Munawardi Ismail

    SETAHUN lalu kota ini gelap. Bencana bukan saja menguburkan kota kami, tapi juga waktu seakan berhenti. Banda Aceh 365 hari lalu adalah kota mati. Hari-hari lainnya adalah buram.

    Seluruh sudut kota adalah kelam dengan ribuan mayat-mayat yang bergelimpangan. Tak ada yang berdenyut. Kecuali ringkih kodok sahut-menyahut. Hanya Krueng Aceh yang bergerak mengangkut mayat-mayat yang berserak.

    Bau bangkai menyengat di setiap gang dan jalanan. Banyak graffiti yang berbunyi; Di Sini Ada Mayat. Masih syukur bukan "Di Sini Ada Setan". Orang pada lari, bukan karena melihat setan, tapi karena getaran bumi yang tak pernah lekang.

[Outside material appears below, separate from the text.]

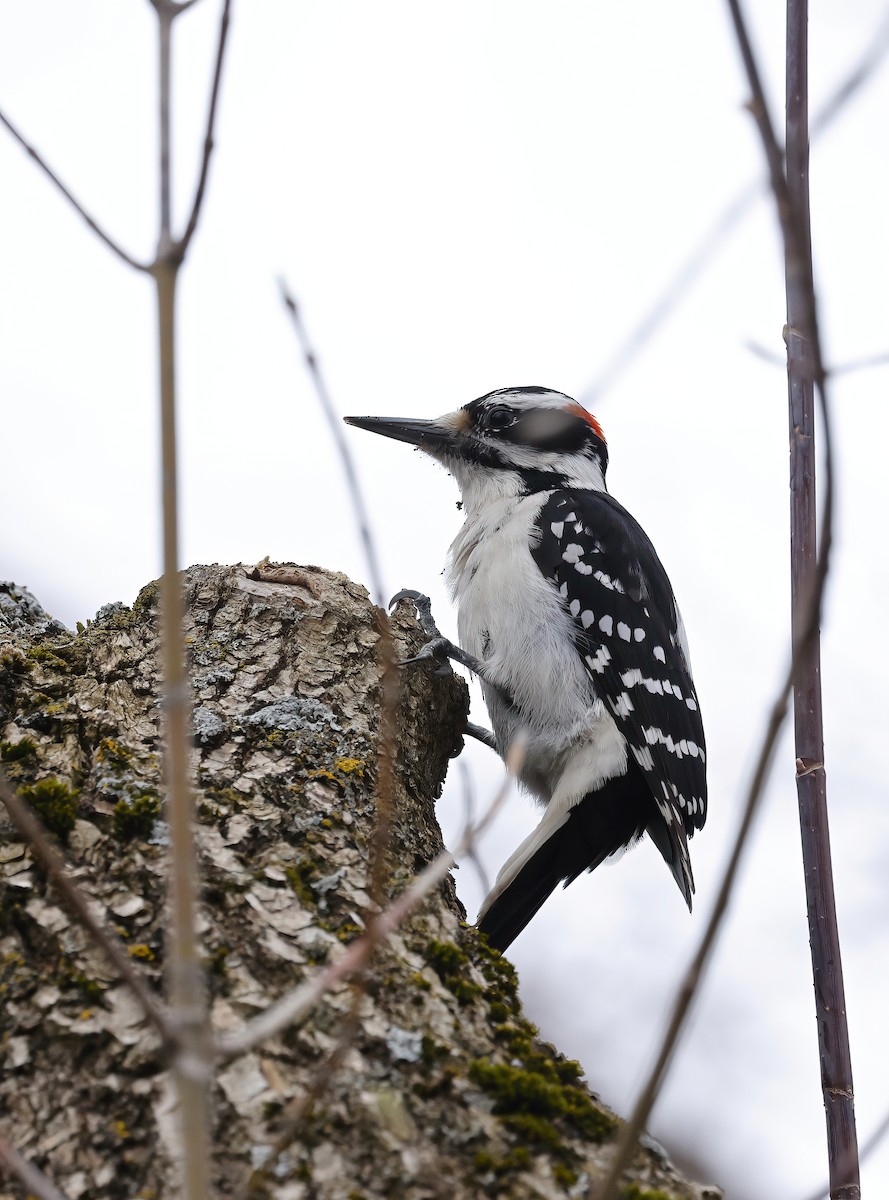 Hairy Woodpecker - Scott Sneed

    Kemarin sudah 370 hari Banda Aceh dalam duka. Duka maha dahsyat itu ikut menghilangkan banyak jasad. "Dia" juga meng-stipo peta-peta kampung di pesisir. Tsunami juga menenggelamkan tawa dan canda para balita. Bencana itu menguburkan keangkuhan manusia.

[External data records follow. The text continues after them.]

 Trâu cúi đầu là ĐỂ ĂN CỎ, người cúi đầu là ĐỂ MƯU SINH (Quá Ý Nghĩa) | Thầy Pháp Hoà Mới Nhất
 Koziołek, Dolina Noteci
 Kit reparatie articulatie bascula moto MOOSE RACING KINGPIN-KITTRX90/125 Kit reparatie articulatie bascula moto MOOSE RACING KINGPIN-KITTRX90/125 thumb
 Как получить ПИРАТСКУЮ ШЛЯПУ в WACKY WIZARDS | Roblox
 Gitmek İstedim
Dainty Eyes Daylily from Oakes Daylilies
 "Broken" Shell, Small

    Tak heran jika kemudian dalam hitungan menit gelombang raksasa itu membuat 280.000 manusia kehilangan nyawa. Di Aceh dan Nias 160.000 korban wafat. Belum lagi di Sri Lanka, 31.000 orang tewas, dan 4.000 lainnya hilang.

    Pantai selatan India kehilangan 8.000 jiwa, dan kepulauan Andaman dan Nicobar menelan korban lebih dari 2.000 jiwa. Kematian di Thailand mencapai 5.300 orang, 2.800 jiwa lainnya hilang.

    Satu tahun kemudian, pemimpin negeri ini mengajak kita untuk mengingat jasad-jasad beku. Menghormati mereka, sekali lagi, untuk mereka orang-orang baik, perempuan, laki-laki, anak-anak kita, orang dewasa, yang hilang dibawa gelombang.

    Lalu, kita tundukkan kepala, memanjatkan doa khusuk, agar arwah mereka yang kita cintai, baik yang ditemukan maupun yang tidak kita temukan, yang dinisankan di perut bumi, maupun terkubur didasar laut, kesemuanya memperoleh tempat terbaik di sisi Tuhan Yang Maha Kuasa.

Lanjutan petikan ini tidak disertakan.